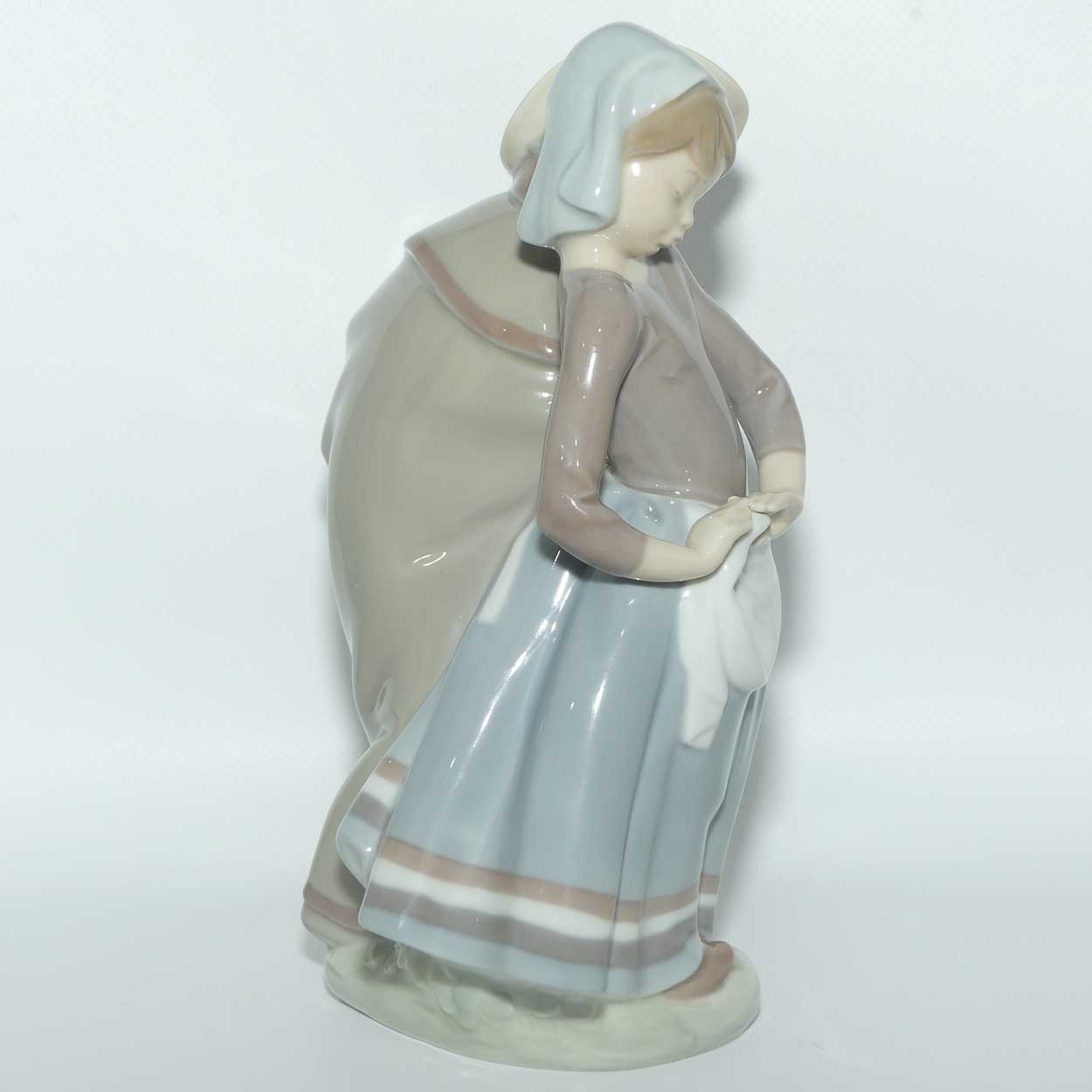 Lladro figure Little Couple Kissing | Gloss | #1188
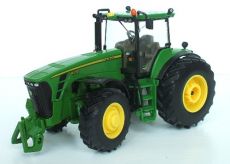 42407 John Deere 8330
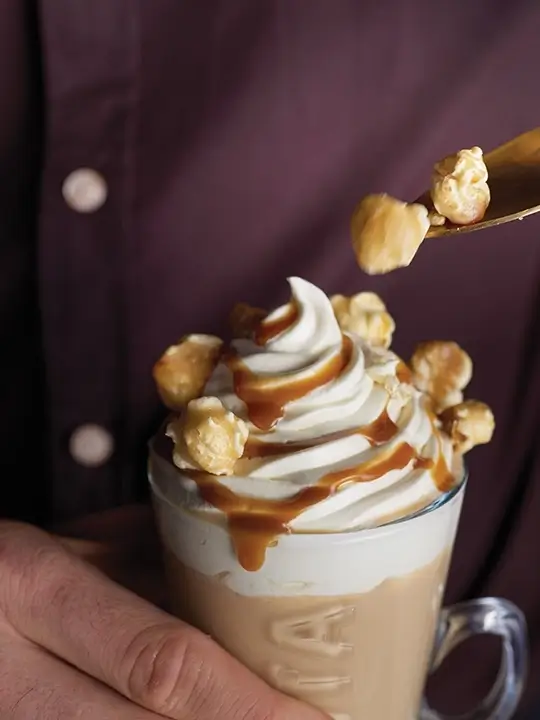 Originální spojení chutí v Karamelovo-popcornovém Caffé Latte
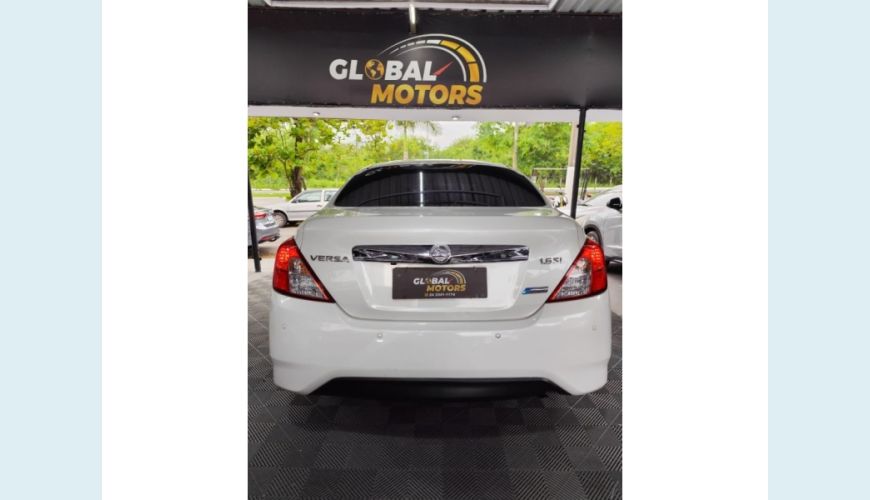 NISSAN VERSA - BRANCO - 2018 Foto 6 (Grande)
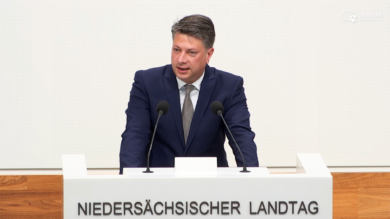 CDU-Rechtsexperte Calderone spricht sich gegen Änderung der Landesverfassung aus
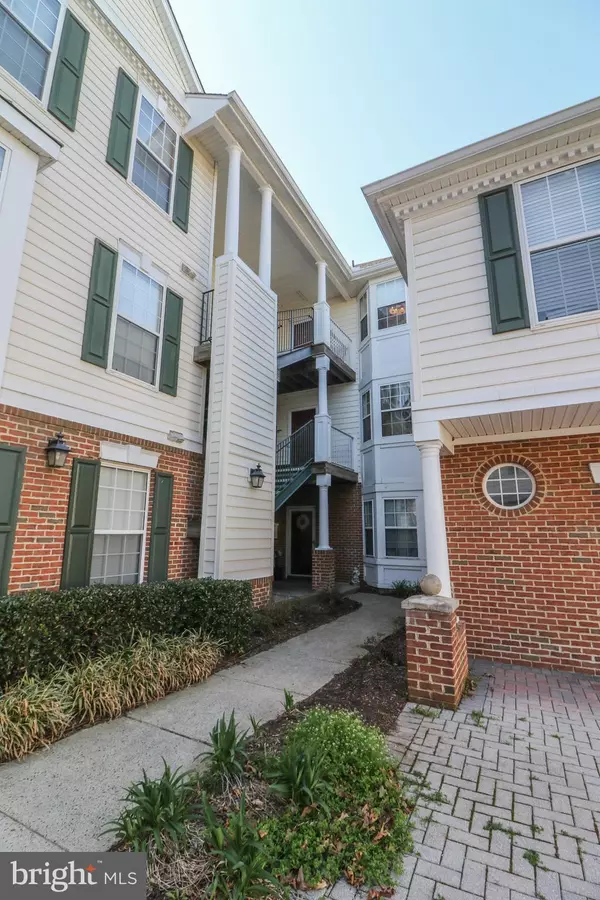 Chantilly, VA 20152,25280 LAKE SHORE SQ #304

= = =

### Brief
Could you restate exactly the lines from the line containing "NISSAN VERSA - BRANCO - 2018 Foto 6 (Grande)" through the end of the listing, both ends included and nothing else, leaving the images out?

### Exercise answer
 NISSAN VERSA - BRANCO - 2018 Foto 6 (Grande)
 CDU-Rechtsexperte Calderone spricht sich gegen Änderung der Landesverfassung aus
 Chantilly, VA 20152,25280 LAKE SHORE SQ #304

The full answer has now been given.